GIVEN DATA:
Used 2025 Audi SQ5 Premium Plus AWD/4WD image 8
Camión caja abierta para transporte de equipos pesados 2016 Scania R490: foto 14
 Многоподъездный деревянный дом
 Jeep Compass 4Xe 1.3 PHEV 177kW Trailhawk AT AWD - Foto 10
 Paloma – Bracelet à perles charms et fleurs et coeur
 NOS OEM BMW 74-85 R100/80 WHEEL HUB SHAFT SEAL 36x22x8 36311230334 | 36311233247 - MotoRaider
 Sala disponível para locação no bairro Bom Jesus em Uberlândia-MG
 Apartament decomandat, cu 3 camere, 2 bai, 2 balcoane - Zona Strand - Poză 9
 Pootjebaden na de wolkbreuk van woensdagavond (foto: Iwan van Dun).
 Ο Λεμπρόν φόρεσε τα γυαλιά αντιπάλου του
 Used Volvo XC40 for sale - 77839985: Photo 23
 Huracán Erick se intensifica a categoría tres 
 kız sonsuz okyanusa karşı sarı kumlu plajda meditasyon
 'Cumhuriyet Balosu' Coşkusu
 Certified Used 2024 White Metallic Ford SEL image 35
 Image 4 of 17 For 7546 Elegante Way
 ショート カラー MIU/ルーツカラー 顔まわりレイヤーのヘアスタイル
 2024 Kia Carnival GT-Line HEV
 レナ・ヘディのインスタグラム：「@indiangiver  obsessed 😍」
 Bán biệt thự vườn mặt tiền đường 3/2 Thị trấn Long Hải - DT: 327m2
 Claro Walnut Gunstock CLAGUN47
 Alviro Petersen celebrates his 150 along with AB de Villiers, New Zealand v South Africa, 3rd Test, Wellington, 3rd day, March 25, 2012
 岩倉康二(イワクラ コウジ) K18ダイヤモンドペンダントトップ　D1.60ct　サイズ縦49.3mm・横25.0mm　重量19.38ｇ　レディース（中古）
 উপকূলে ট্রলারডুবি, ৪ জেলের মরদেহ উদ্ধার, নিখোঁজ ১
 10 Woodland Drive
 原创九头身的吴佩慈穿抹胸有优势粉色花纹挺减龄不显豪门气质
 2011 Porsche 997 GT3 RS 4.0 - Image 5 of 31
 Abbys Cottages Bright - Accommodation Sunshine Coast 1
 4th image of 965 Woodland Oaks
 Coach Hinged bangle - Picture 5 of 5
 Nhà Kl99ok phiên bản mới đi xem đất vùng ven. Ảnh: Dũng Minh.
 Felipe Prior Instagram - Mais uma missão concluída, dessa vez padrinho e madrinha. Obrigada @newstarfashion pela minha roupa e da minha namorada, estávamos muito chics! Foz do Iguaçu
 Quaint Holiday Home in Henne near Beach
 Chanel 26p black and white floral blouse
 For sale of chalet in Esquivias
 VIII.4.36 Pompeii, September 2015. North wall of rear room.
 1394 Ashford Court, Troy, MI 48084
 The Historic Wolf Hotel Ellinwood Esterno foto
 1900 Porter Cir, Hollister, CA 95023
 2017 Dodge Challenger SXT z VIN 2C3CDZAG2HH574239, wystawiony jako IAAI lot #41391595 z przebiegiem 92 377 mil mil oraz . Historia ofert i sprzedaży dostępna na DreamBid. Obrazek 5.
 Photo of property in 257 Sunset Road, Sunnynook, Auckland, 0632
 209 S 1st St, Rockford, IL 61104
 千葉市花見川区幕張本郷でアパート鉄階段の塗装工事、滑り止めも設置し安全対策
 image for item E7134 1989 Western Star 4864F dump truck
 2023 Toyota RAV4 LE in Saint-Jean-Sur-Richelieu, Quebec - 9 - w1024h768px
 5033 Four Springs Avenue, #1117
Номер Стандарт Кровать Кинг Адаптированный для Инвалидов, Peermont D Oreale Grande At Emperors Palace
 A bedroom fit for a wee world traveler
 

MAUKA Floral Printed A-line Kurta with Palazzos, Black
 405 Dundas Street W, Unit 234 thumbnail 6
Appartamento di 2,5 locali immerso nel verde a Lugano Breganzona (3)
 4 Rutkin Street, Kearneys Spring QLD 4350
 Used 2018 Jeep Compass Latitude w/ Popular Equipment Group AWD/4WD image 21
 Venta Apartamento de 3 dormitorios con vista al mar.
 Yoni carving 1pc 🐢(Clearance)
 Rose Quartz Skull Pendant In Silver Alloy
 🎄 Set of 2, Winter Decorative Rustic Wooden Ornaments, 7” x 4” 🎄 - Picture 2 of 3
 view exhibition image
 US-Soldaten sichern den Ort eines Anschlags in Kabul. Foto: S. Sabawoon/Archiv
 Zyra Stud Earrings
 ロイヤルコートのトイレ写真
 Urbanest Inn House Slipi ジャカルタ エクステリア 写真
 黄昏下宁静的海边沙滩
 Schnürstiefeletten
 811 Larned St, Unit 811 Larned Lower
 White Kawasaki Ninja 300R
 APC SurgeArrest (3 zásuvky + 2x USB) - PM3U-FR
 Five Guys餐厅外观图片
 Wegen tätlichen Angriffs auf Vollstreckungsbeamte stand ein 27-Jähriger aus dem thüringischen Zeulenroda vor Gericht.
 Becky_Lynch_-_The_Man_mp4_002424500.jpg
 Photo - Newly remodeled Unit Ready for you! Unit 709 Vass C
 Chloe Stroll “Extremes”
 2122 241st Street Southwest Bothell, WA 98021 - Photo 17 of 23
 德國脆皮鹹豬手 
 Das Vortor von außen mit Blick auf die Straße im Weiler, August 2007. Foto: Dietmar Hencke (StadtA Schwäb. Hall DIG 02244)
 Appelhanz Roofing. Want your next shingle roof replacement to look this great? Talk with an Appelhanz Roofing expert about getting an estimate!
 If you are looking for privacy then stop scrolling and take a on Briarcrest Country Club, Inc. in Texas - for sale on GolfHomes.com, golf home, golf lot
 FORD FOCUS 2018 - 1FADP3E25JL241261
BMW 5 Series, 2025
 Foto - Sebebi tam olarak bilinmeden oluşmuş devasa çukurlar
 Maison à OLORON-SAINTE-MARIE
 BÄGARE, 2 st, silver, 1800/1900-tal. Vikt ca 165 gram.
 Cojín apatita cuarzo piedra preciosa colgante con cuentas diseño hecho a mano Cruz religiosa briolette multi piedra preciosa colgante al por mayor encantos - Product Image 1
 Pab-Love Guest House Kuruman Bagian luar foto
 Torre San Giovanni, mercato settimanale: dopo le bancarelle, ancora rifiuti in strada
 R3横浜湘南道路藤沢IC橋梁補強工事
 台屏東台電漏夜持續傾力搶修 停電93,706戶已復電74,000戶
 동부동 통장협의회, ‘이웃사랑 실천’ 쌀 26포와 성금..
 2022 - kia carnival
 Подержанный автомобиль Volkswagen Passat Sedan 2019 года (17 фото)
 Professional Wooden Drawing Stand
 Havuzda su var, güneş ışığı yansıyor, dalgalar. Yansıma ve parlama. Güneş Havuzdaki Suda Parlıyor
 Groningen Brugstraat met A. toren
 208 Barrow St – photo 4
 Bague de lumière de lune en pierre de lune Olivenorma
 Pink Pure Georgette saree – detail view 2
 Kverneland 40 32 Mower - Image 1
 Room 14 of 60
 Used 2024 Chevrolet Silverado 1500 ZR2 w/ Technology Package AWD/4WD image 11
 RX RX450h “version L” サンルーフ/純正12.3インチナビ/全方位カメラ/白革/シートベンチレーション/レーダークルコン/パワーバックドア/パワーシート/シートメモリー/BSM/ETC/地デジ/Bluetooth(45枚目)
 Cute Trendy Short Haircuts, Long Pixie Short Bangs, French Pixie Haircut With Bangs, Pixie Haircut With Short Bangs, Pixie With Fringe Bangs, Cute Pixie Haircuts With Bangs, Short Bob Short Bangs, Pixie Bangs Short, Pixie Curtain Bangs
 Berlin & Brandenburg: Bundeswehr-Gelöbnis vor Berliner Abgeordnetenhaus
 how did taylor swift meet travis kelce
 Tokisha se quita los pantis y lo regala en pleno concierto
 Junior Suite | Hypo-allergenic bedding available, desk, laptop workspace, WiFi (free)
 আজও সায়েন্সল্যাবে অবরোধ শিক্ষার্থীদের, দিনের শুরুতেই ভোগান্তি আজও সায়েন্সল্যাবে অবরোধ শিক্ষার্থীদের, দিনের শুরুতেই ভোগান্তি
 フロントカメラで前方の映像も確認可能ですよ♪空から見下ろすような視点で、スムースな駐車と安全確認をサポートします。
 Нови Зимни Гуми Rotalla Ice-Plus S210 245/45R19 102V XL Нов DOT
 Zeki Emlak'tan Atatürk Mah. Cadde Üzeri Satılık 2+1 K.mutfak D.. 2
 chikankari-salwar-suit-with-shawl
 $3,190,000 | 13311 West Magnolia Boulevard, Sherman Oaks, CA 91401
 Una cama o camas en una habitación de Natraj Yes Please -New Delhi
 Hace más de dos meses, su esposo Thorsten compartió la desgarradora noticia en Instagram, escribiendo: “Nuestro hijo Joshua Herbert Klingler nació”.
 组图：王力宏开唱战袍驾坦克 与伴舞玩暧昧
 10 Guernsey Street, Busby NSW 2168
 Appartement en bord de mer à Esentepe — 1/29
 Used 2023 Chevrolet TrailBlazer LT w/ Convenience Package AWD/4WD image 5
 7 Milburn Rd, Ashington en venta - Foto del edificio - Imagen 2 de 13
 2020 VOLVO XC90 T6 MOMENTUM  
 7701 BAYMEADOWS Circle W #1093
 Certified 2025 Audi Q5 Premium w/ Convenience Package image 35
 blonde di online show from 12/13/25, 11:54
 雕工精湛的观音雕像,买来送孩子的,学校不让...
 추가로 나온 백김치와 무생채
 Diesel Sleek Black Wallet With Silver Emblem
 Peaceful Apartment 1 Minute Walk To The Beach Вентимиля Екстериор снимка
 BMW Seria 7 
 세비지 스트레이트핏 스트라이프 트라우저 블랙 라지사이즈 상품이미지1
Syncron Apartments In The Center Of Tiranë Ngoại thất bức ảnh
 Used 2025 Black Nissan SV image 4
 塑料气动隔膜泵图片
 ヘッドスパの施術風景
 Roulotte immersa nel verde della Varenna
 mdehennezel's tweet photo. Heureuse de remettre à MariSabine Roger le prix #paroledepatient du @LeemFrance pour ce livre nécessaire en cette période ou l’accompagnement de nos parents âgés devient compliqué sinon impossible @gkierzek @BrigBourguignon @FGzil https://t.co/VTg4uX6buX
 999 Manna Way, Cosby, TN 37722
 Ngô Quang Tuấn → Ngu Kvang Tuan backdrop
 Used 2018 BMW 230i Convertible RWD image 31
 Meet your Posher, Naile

TASK STATEMENT: Copy exactly the lines that run from the first line of the data to the line containing "10 Woodland Drive", please, with both ends included and nothing else.

ANSWER TO THIS PROBLEM:
Used 2025 Audi SQ5 Premium Plus AWD/4WD image 8
Camión caja abierta para transporte de equipos pesados 2016 Scania R490: foto 14
 Многоподъездный деревянный дом
 Jeep Compass 4Xe 1.3 PHEV 177kW Trailhawk AT AWD - Foto 10
 Paloma – Bracelet à perles charms et fleurs et coeur
 NOS OEM BMW 74-85 R100/80 WHEEL HUB SHAFT SEAL 36x22x8 36311230334 | 36311233247 - MotoRaider
 Sala disponível para locação no bairro Bom Jesus em Uberlândia-MG
 Apartament decomandat, cu 3 camere, 2 bai, 2 balcoane - Zona Strand - Poză 9
 Pootjebaden na de wolkbreuk van woensdagavond (foto: Iwan van Dun).
 Ο Λεμπρόν φόρεσε τα γυαλιά αντιπάλου του
 Used Volvo XC40 for sale - 77839985: Photo 23
 Huracán Erick se intensifica a categoría tres 
 kız sonsuz okyanusa karşı sarı kumlu plajda meditasyon
 'Cumhuriyet Balosu' Coşkusu
 Certified Used 2024 White Metallic Ford SEL image 35
 Image 4 of 17 For 7546 Elegante Way
 ショート カラー MIU/ルーツカラー 顔まわりレイヤーのヘアスタイル
 2024 Kia Carnival GT-Line HEV
 レナ・ヘディのインスタグラム：「@indiangiver  obsessed 😍」
 Bán biệt thự vườn mặt tiền đường 3/2 Thị trấn Long Hải - DT: 327m2
 Claro Walnut Gunstock CLAGUN47
 Alviro Petersen celebrates his 150 along with AB de Villiers, New Zealand v South Africa, 3rd Test, Wellington, 3rd day, March 25, 2012
 岩倉康二(イワクラ コウジ) K18ダイヤモンドペンダントトップ　D1.60ct　サイズ縦49.3mm・横25.0mm　重量19.38ｇ　レディース（中古）
 উপকূলে ট্রলারডুবি, ৪ জেলের মরদেহ উদ্ধার, নিখোঁজ ১
 10 Woodland Drive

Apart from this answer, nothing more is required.